The central bank board lowered its 2013 inflation forecast to 2.9 percent from 3 percent, while changing its growth estimate to a range of 4.25 percent to 5.25 percent from 4 percent to 5 percent, according to the quarterly monetary policy report published today. They raised the 2012 growth forecast to 5.5 percent from a range of 4.75 percent to 5.25 percent.
The board, led by bank President Rodrigo Vergara, changed its 2013 inflation estimate after consumer prices fell 0.5 percent last month, the most since August 2009. While inflation has remained below the 3 percent target since June, policy makers have been unwilling to cut the 5 percent benchmark rate for the past 11 months as economic growth exceeds their estimates.

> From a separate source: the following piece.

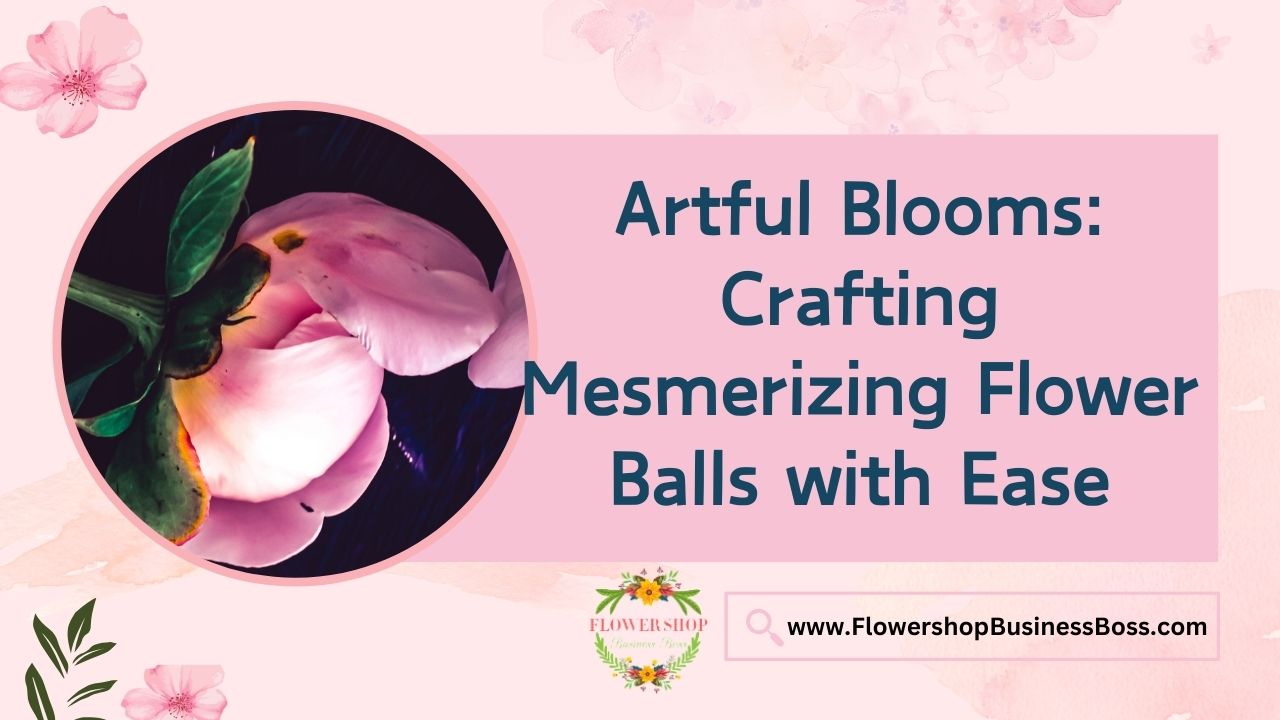 Artful Blooms: Crafting Mesmerizing Flower Balls with Ease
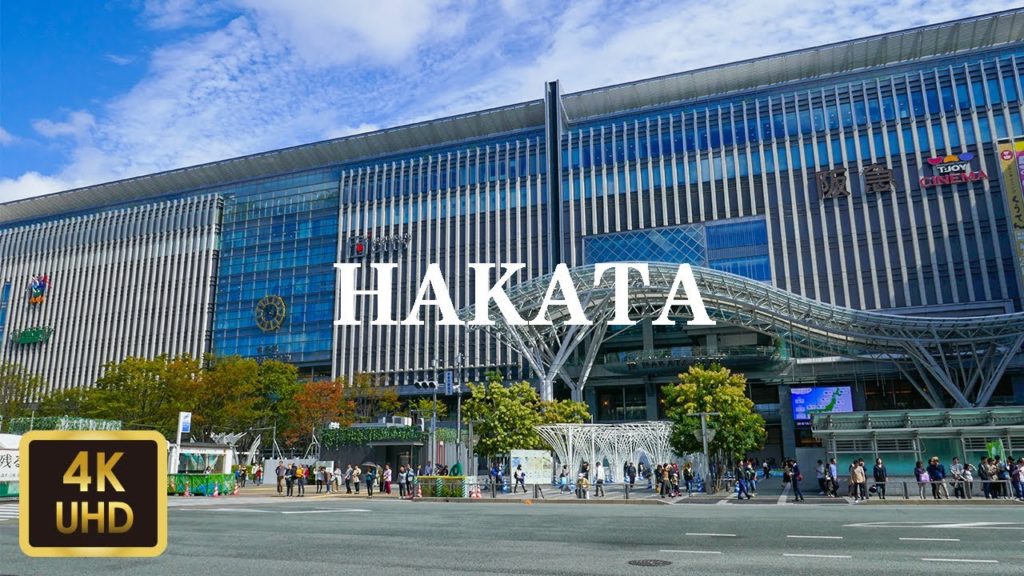 DJI Osmo Pocket -博多周辺を散歩 Walk around Hakata in Fukuoka Prefecture【4K】【October 2019】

“In the base scenario, which today we consider most probable, the Chilean economy will once again grow at rates in accordance with its trend while inflation gradually will return to levels in line with the target,” Vergara said in prepared remarks to the Senate today. “The base scenario uses as a working supposition that the monetary policy rate will remain on a stable trajectory, as indicated in current surveys.”
Traders and investors polled by the central bank on Dec. 10 forecast borrowing costs will remain unchanged at 5 percent through the end of next year before rising to 5.25 percent by December 2014.
Since quarterly estimates were last published in September, economic growth has exceeded estimates made by analysts for three straight months. Policy makers today changed their 2012 estimate for the growth in gross domestic product to 5.5 percent from a range of 4.75 percent to 5.25 percent in September.
The economy expanded 5.5 percent in the first three quarters from the same period last year, while unemployment fell to 6.6 percent in the three months through October from 7.2 percent in 2011.
The rapid expansion of home builders and mid-size banks may create “vulnerabilities,” the central bank said in its bi-annual financial stability report, also published today.
Home builders have taken on more debt, while mortgage lending for their clients has become less restrictive, trends that “must be followed carefully,” Vergara said. Home prices have risen an average of 5.7 percent above inflation since 2009, according to the report.
Medium-size banks are growing faster than their larger counterparts and may become increasingly exposed to the threat of cyclical factors, especially as lenders run the risk of underestimating the threats posed by credit card debt, the central bank said.
Central bank board members forecast a current account deficit equivalent to 4.6 percent of GDP next year, compared with their 4.4 percent forecast published in September, as they expect copper prices to average $3.40 a pound, according to the quarterly report. Chile is the world’s largest copper producer.
Inflation slowed to 2.1 percent in November from 3.9 percent in the year-ago month. The central bank board targets 3 percent inflation plus or minus 1 percentage point over two years.
Policy makers, who last changed borrowing costs in January with a quarter-point cut, probably will start raising interest rates sooner than traders expect, Leonardo Suarez, research director at Larrain Vial SA, wrote in a Dec. 17 note e-mailed to investors.
“Internal demand still remains highly dynamic and the labor market is very tight,” Suarez wrote. “Given the vigor of internal demand, we estimate the balance of risks may change the central bank’s focus to the local scenario and cause it to raise the monetary policy rate in the first quarter of 2013.”